Are you happy with the performance review process at your company?

Of course not. Unless it is brand new with insufficient time to fail, your performance review system probably does not work as designed.

A good performance management process establishes agreed-upon goals, measures attainment, identifies growth areas, removes hurdles, reinforces good behaviors and makes the employee more valuable.

Bad reviews come in several categories. The “I have to get these done so my people can get a raise” review, the “got to do this so we have a defense to a legal claim” review, and, my favorite, the “does this person play well in the sandbox?” review. Like the nesting temperature of the Spanish sparrow, these reviews have a narrow importance, but the bigger opportunities missed are much more significant.

Unfortunately, too many managers see performance reviews as a way to avoid real issues and important conversations. The review is seen as the end product rather than a tool to improve the conversation; the form, ratings, checkboxes and prepared questions become the conversation.

Have you seen managers place an “x” in the five-point scale rating box to the far left side of the “four”? What they mean is “you are really a ‘three’ and I just do not want to tell you.” That is a broken system.

Real conversations

Going out on a limb here, no one can write a form or review that fits every employee well. By “fit” I mean providing the right combination of correction, reinforcement, ways to improve, career planning, and alignment with company and personal objectives customized for this person in a way they can hear.

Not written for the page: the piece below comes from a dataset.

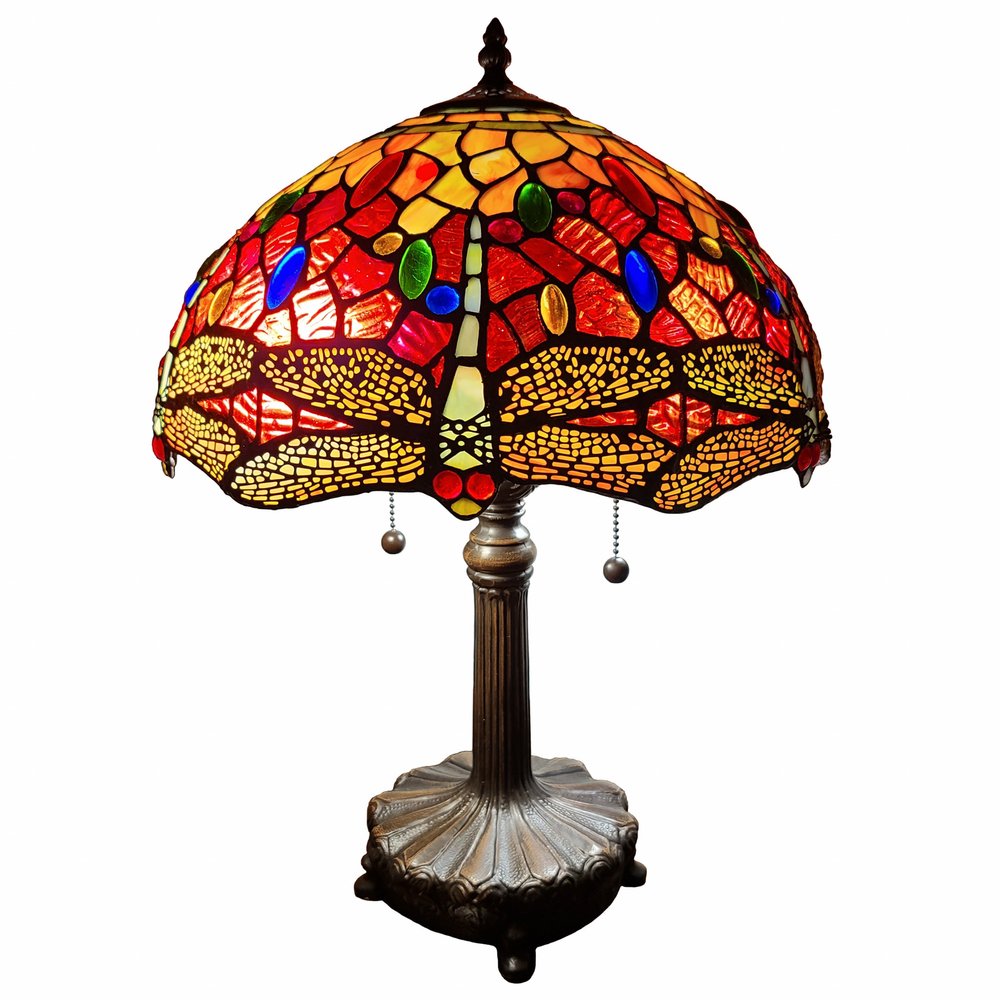 22" Dark Brown Metal Two Light Candlestick Table Lamp With Red and Black Shade HomeRoots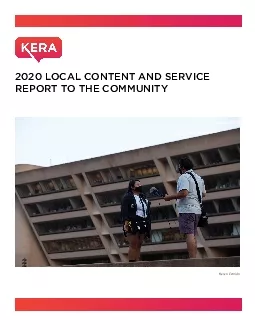 LOCAL CONTENT AND SERVICE REPORT TO THE COMMUNITYKeren Carrin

The only good performance management process I know is a continuous series of real conversations. What is working well? What should be on your plate for the next 30/60/90 days? What is your role in supporting company/department goals? What do you need to succeed? What hurdles need to be removed? In other words, real conversations.

Our organization has a performance management form designed by very good HR professionals (we do HR for a living). It helps frame some of the important issues such as goals for the coming year. But if that document was the primary conversation we had with each employee about growing their impact on our mission and objectives, it too would fail.

Preventive maintenance

If you can only do a traditional review (that ends up in a file) or a series of regular conversations on the most important issues, which would you pick? You know my answer. Ideally, do both, even if there is no form and you both simply keep notes of the conversations.

To employees with managers who avoid real conversations, you can ask for the meeting, you can bring up the right issues and you can show the manager you welcome these conversations, because it will improve your value (and maybe even your pay and progress).

Performance management is best viewed as an ongoing conversation with preventive maintenance, not an annual tooth extraction without benefit of an anesthetic.